Tuesday, December 03, 2024

News Destination For The Global Indian Community

News Destination For The Global Indian Community

BANKING & INSURANCE
LifeMag
What India really needs is Financial Inclusion

What India really needs is Financial Inclusion

Financial access alone is not enough to change the economic landscape of the country. We have to stimulate productivity, raise living standards, unleash entrepreneurial energy and reduce inequality

India has grown into a global powerhouse and while its economy is soaring, the picture on the ground is still quite grim, with the green shoots we see being only a patch of the overall landscape. Most Indians are hapless victims of inequity.  India is one country where intense poverty abounds in the shadow of immense wealth.

The Indian economy is projected to be the fastest growing major economy in the world in 2018-19 and 2019-20, ahead of China, according to the International Monetary Fund (IMF).
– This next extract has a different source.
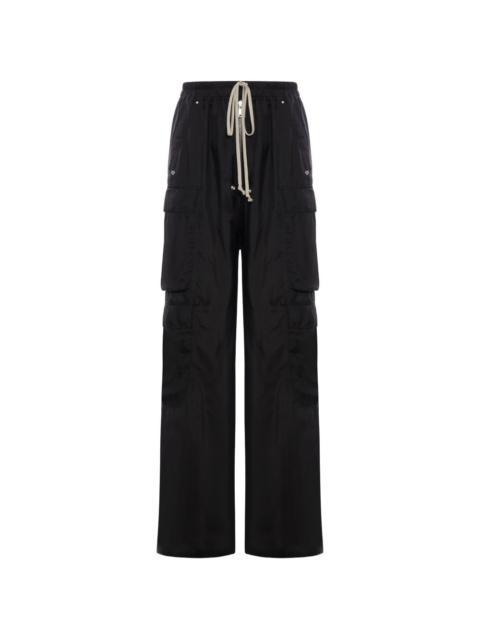 cargo-pockets trousers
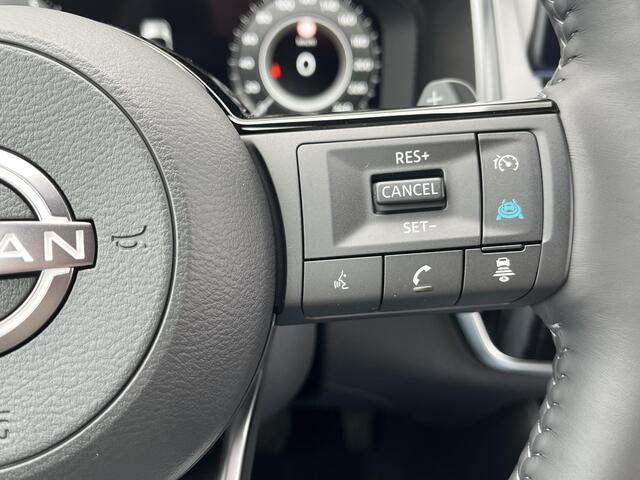 Nissan QASHQAI 1.3 MHEV Xtronic Business Premium / Bose / Cold Pack / Panoramadak / Voorraad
Per capita national income rose from Rs 86,647 in 2014-15 to Rs 1,12,835 in 2017-18. Furthermore, improved telecommunications, seamlessly connected global markets, universalisation of information through Internet and innovations in the financial ecosystem have all opened up opportunities for the common man like never before. It is, therefore, imperative that lack of demand and supply of financial services — to all levels of society — do not act as an impediment to the country’s growth.

Inequality and exclusion are two of the most pressing challenges facing the world today. In recent years, policy-makers have realised that development will be uneven and not wholesome if we do not address the problem of exclusion in a big way. Inclusive growth is necessary to ensure that the benefits of a growing economy extend to all segments of society.

Access to and integration of every individual into the formal economy by providing opportunities to use his/her potential to improve upon their well-being is essential for the building of a prosperous and stable economy. Inclusive growth is widely recognised as having four mutually supporting pillars — an employment-led growth strategy, financial inclusion, investment in human development priorities and high-impact multi-dimensional interventions (win-win strategies).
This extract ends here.